Looking back, Yanjin Puzi was once a direct beneficiary of channel dividends. By early entry into the wholesale snack system and membership store channels, and establishing a first-mover advantage in the konjac snack track, the company achieved high growth rates of 42.2% in 2023 and 28.9% in 2024.

However, as channel dominance continues to shift upward, relying on low-margin, homogeneous products to drive scale not only makes it difficult to contribute to profits but may also dilute brand value.

Yanjin Puzi’s gross profit margin has been under continuous pressure since 2021, declining from 35.71% to 30.69% in 2024. Although it slightly rebounded to 30.8% in 2025, the improvement was limited.

This forces the company to simultaneously perform a “cutting and letting go” on both the channel and product sides.

The first change occurred in e-commerce channels.

In 2025, the company’s online revenue dropped from 1.16B yuan to 922 million yuan, a 20.5% decrease year-on-year, with its proportion falling nearly 5 percentage points to 16%.

Over the past year, the company proactively eliminated many OEM and unprofitable private-label products, while significantly reducing inefficient marketing investments on short video and other channels.

E-commerce was repositioned as “supply chain e-commerce,” shifting its core function from scale expansion to new product incubation and brand amplification. Around flagship products, the company hopes to build momentum through content e-commerce, then feed back into traditional shelf channels to achieve higher-quality conversions.

Yanjin Puzi stated that this adjustment may temporarily drag down revenue but will help optimize cost structure and brand assets.

Changes on the product side are equally clear.

The company is shrinking from broad category expansion and focusing resources on core products like “Magic King” konjac snacks and “Egg Emperor” quail eggs, using different price tiers and sub-brands to meet the needs of wholesale, supermarkets, and membership stores, thus balancing price pressure and brand premium.

Supporting this structure is ongoing investment in the supply chain. In recent years, the company has continuously expanded upstream, establishing multiple bases covering quail egg breeding, konjac flour processing, and potato full flour production, gradually forming a self-supply system for key raw materials.

However, profit volatility pressures have not been fully isolated.

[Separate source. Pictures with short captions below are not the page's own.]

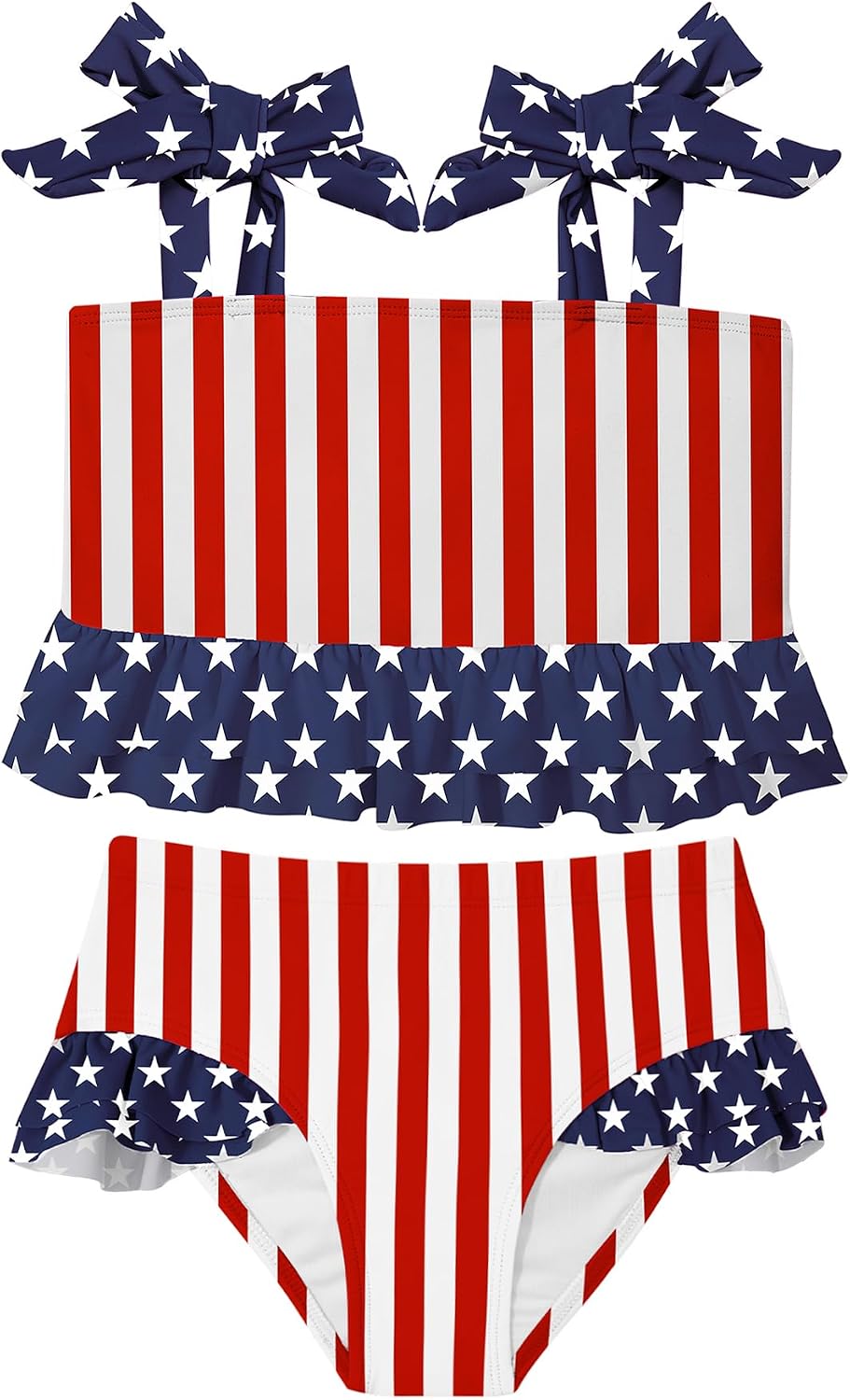 Zando Baby & Toddler Girls 4th of July Swimsuit - Patriotic American Flag 2 Piece Ruffle Bikini Bathing Suit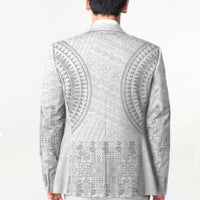 Niue White Sunday Blazer Tapu Fanau Ia Puakenikeni Hiapo Pattern - Polynesian Pride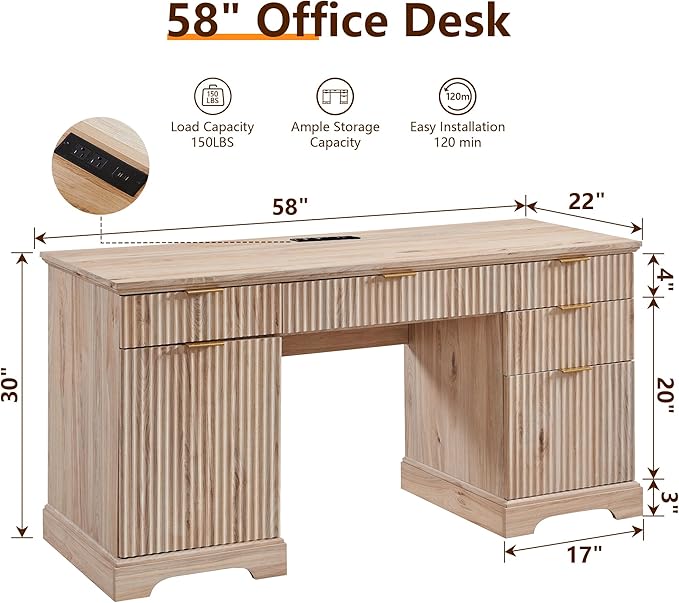 JXQTLINGMU 58" Modern Executive Desk with Storage, Wood Home Office Desk with 5 Drawers & 1 Cabinet, Fluted Computer Writing Desk for Study, Living Room, Bedroom, Oak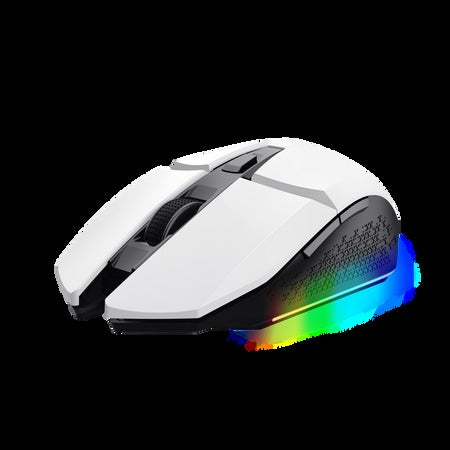 Trust mouse gaming inalambrico GXT 110 Felox recargable con iluminación LED multicolor blanco - 25069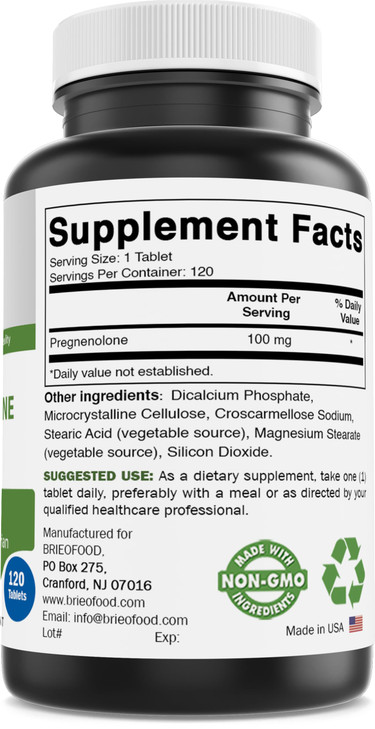 Brieofood Pregnenolone 100 mg 120 Tablets - Hormone Balance Supplement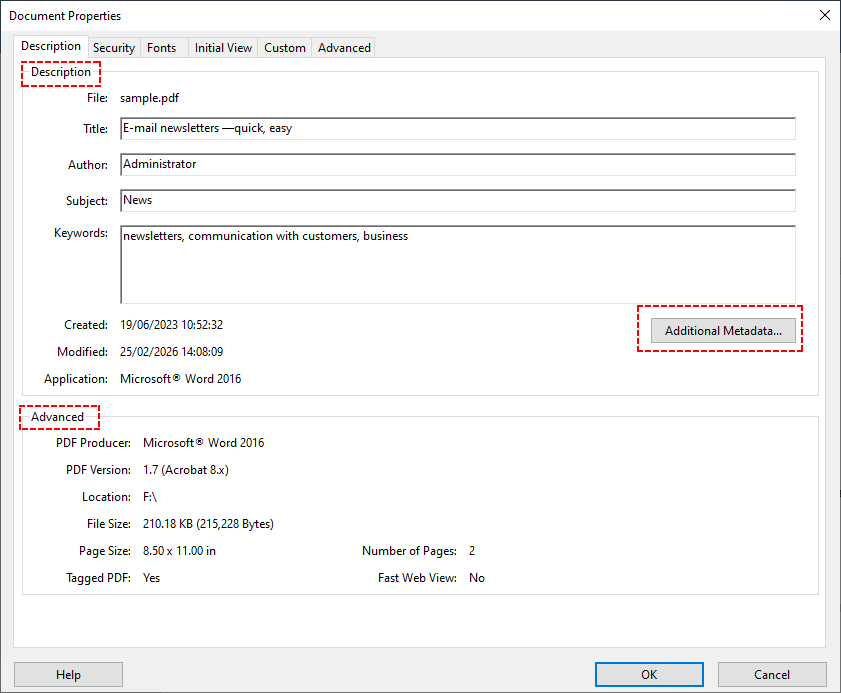 Adobe Acrobat Pro PDF metadata description tab.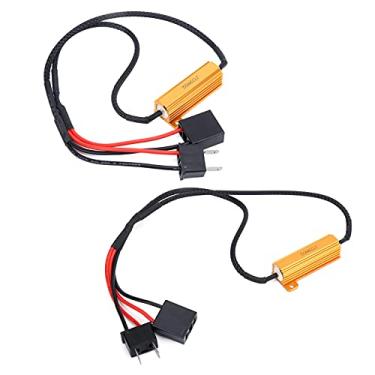 Imagem de 2PCS H7 Metal & ABS Decodificador LED, Erro Cancelador 50W 6OHM Resistor de Carga para o Farol do Carro Correção do Flash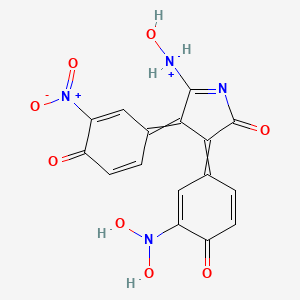 molecular formula C16H11N4O8+ B1490006 [4-[3-(Dihydroxyamino)-4-oxocyclohexa-2,5-dien-1-ylidene]-3-(3-nitro-4-oxocyclohexa-2,5-dien-1-ylidene)-5-oxopyrrol-2-yl]-hydroxyazanium CAS No. 1253641-99-4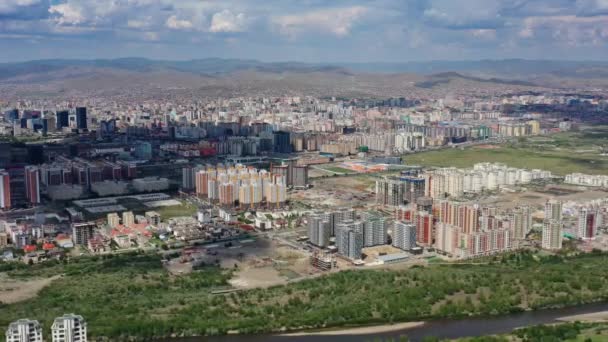 Aerial view of Ulaanbaatar Mongolia — Stock Video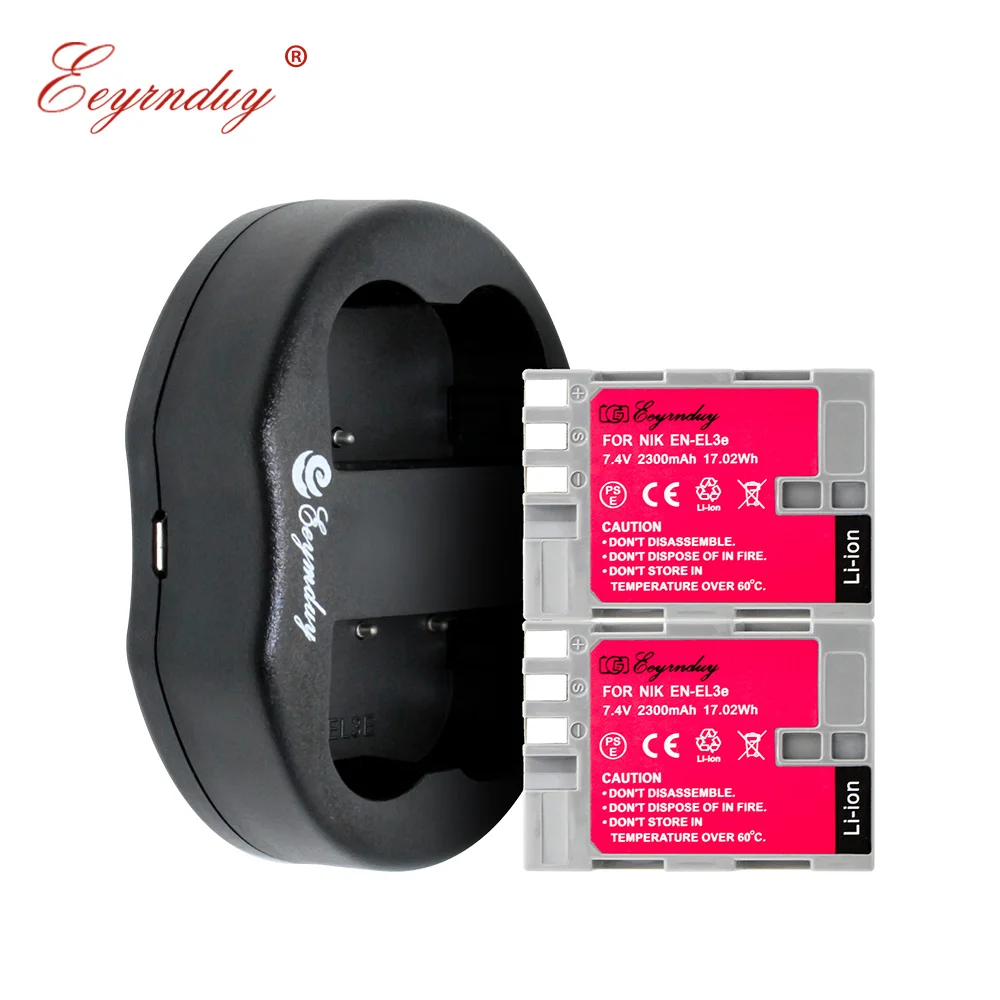 EN EL3E EL батарея 2 шт батареи и двойное зарядное устройство для NIKON D50 D70 D90 D80 D100 D300S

Affected by climate and planting cycles, the market price of konjac flour surged significantly in 2025, with procurement average prices increasing over 30% year-on-year. Due to cost accounting and inventory structure influences, the price impact showed a lag in transmission within the year, becoming concentrated in the fourth quarter.

As the fastest-growing category, konjac snacks achieved a 107.23% increase in annual revenue, but gross profit margin only increased slightly by 1.21%. As low-priced inventory from earlier periods is gradually depleted, if raw material prices remain high in 2026, cost pressures will more directly impact profits.

Looking ahead to 2026, Yanjin Puzi’s strategic focus is shifting from broad channel coverage to channel operation efficiency. The “width” of channels accumulated from rapid expansion in recent years needs to be further transformed into more stable and resilient “depth” of sales.

The company plans to leverage flagship konjac products to continue expanding top-tier supermarkets and northern regional markets, while also pushing terminal networks deeper into lower-tier markets.

By the end of 2025, the number of distributors reached 4,367, a 21.75% increase year-on-year, with particularly notable growth in Northeast and North China markets.

Whether this round of restructuring around channels and supply chains can translate into more stable profitability and clearer brand positioning in the future will be crucial for Yanjin Puzi.